Toi aussi, nourrice d’Énée, tu as donné par ta mort un éternel renom à nos rivages, ô Gaieté; maintenant l’honneur qu’on te rend garde ta sépulture, et, si c’est une gloire, tes ossements immortalisent ton nom dans la grande Hespérie.

Cependant le pieux Énée avait, selon les rites, achevé les funérailles et fait élever le tertre du tombeau; et comme les eaux profondes sont apaisées, il met à la voile et quitte le port. Les vents soufflent avec la nuit; la lune sereine ne refuse pas d’éclairer le voyage, et sa tremblante lumière met de la splendeur sur les flots. Les Troyens longent de très près les rivages de la terre circéenne où l’opulente fille du Soleil fait résonner de son chant assidu des bois inaccessibles. Sous son toit superbe elle éclaire ses nuits à la flamme du cèdre odorant, pendant que sa sonore navette court dans sa toile légère. On entendait, venant de là, les frémissements et la rage des lions qui secouaient leurs chaînes et rugissaient fort avant dans le soir.
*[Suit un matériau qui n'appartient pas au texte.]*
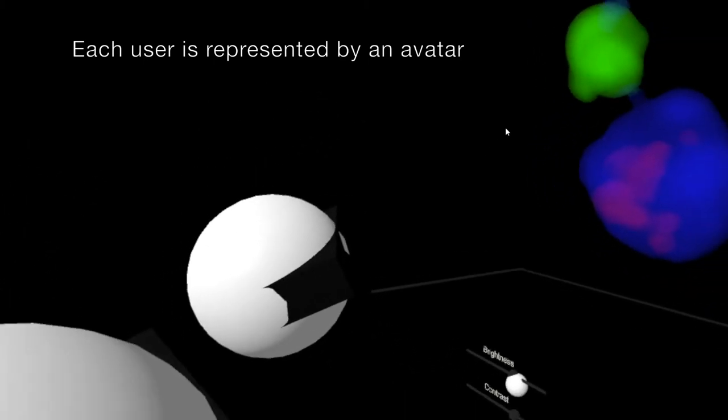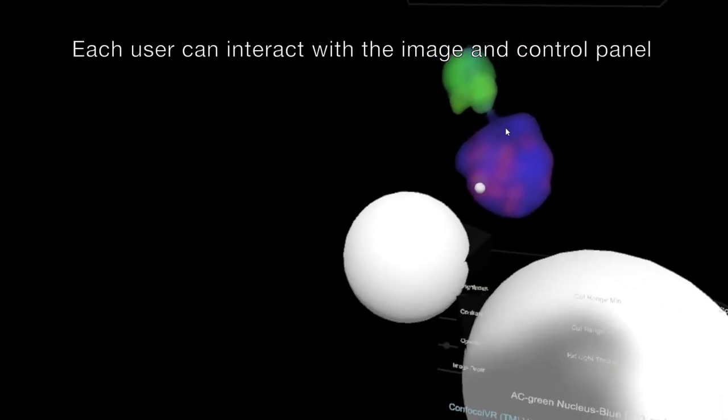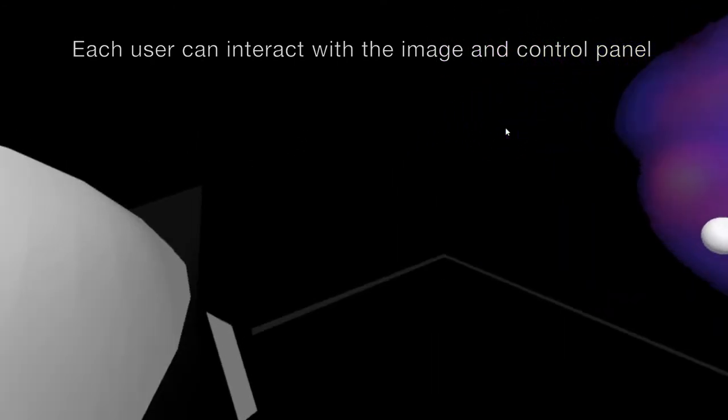You can see the green getting through here by transference. You can see the overlap, and it's inside it — yeah, it's inside.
Des sangliers et des ours s’agitaient furieusement dans leurs cages; et des formes de grands loups hurlaient. Tous avaient eu une face humaine, mais Circé, la cruelle déesse aux herbes puissantes, leur avait donné des figures et des croupes de bêtes sauvages. De peur que les pieux Troyens n’eussent à souffrir ces monstrueuses sorcelleries, s’ils étaient entraînés vers le port, et pour les écarter de ces sinistres rivages, Neptune remplit leurs voiles d’un vent favorable, accéléra leur fuite et les emporta au delà des remous et des bouillonnements.
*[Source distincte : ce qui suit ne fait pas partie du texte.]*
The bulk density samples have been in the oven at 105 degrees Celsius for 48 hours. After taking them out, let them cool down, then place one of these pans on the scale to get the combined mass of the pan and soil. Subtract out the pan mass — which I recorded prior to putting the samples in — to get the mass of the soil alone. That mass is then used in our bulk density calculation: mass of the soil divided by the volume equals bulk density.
Déjà la mer rougissait des rayons du jour, et du haut de l’éther l’Aurore dans son char de rose brillait d’une teinte orangée, lorsque les vents expirèrent. Soudain il n’y eut plus aucun souffle, et les rames peinèrent sur les ondes immobiles. Mais, des flots même, Énée aperçoit un bois immense. Le Tibre, qui le traverse de son flot riant, va, en tourbillons rapides et tout jaune du sable qu’il roule, se jeter dans la mer. Autour de ses eaux et au-dessus, mille oiseaux divers, accoutumés à ses rives et à son cours, charmaient les airs de leur chant et voltigeaient dans la forêt. Énée commande à ses compagnons de virer de bord, de tourner leurs proues vers la terre, et il entre allègrement dans les flots ombragés du fleuve.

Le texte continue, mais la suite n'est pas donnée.